Later, with the game tied at 17 and the Browns facing a third-and-15 at their own 47-yard line with 56 seconds left, Flacco held onto the ball just long enough to hit tight end David Njoku for a 34-yard completion that set up the game-winning field goal. The image of defensive tackle Justin Jones, for some reason, dropping into coverage trying to keep up with Njoku will be one seared into the memories of Bears fans for far too long. Njoku might pop up in a few nightmares too after his clutch catch that came after his toe-tapping touchdown reception earlier.
On most Sundays, the Bears defense could say it played well enough to win. But on most Sundays with the Bears, the offense falls short of playing complementary football.

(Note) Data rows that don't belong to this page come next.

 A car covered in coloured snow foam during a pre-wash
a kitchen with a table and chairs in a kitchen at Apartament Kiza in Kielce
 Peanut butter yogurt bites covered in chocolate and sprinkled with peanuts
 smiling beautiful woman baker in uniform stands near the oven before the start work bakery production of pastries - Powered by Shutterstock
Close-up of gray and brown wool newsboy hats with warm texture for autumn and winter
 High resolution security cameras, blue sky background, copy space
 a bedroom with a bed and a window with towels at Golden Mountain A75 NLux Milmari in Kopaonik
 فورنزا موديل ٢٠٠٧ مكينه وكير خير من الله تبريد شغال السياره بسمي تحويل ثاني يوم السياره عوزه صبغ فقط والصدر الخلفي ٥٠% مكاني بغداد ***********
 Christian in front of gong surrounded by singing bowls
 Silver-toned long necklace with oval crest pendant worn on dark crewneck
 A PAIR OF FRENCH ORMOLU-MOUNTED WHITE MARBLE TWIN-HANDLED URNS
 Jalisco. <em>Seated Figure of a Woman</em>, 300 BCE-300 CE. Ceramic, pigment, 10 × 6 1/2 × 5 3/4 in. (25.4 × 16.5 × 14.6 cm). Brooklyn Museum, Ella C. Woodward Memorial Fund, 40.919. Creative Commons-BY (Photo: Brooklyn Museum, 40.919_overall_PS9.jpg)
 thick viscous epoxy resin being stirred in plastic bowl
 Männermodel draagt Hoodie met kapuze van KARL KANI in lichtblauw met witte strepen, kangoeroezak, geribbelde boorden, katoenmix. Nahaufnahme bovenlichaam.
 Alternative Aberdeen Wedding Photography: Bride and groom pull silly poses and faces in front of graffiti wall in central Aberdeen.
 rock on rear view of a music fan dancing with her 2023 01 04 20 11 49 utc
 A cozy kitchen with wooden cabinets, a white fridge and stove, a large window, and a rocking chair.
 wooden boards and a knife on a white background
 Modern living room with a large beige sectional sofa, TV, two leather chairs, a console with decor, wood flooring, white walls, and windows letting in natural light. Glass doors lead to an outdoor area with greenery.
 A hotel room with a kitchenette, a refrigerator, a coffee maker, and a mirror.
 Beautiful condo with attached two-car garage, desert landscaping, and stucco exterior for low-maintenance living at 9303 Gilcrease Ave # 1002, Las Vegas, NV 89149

To oversimplify everything, when the Browns needed their quarterback to bail them out, he did. When the Bears needed Fields to play the role of hero on the ensuing possession, something got in the way.
Something always seems to get in the way with the Bears offense.
Flacco, despite the three interceptions, threw for 374 yards and two touchdowns, completing 28 of 44 passes and earning a $75,000 victory bonus based on the contract he signed earlier in the week. Like many quarterbacks past their prime, Flacco alternated between looking aged and elite but, in the end, did enough to be the guy most responsible for the death of hope at Halas Hall. It was fun when the Fox broadcast spelled out all of the outcomes that needed to happen for the Bears to make the playoffs with a victory. But that’s all folly now.
The only thing the Bears are in the hunt for is respectability.
The final three games still look winnable for a Bears team that isn't as close to the playoffs as it wanted everyone to believe the last two weeks. For Fields and Eberflus, the remainder of the season gives them a chance to change any minds that aren’t made up by now. The questions about Fields’ passing prowess remain and won’t stop after a 166-yard performance. The culture Eberflus likes to cite will be questioned after Mooney said postgame the offense became “lackadaisical” after taking a 10-point lead.
How does that happen on a losing team?
Eberflus’ most widely debated decision came at the end of the first half, with four seconds left. Instead of trying a 55-yard field-goal attempt in a game in which points and yards were hard to come by, the Bears called for Fields to make a desperation heave into the end zone.
On one hand, the windy and rainy elements increased the degree of difficulty for kicker Cairo Santos, one of the Bears’ most reliable players. On the other, Santos connecting from his career-long distance – even in inclement weather – seemed more likely than completing a Hail Mary touchdown pass. Asked about it postgame, Eberflus explained that the kick was into a fierce wind that took about eight yards out of Santos’ range.
On this day, not even the wind was going the Bears’ way. But as the sobering truth sinks in, they really have nobody to blame but themselves.
In the holiday spirit, the Bears simply gave one away.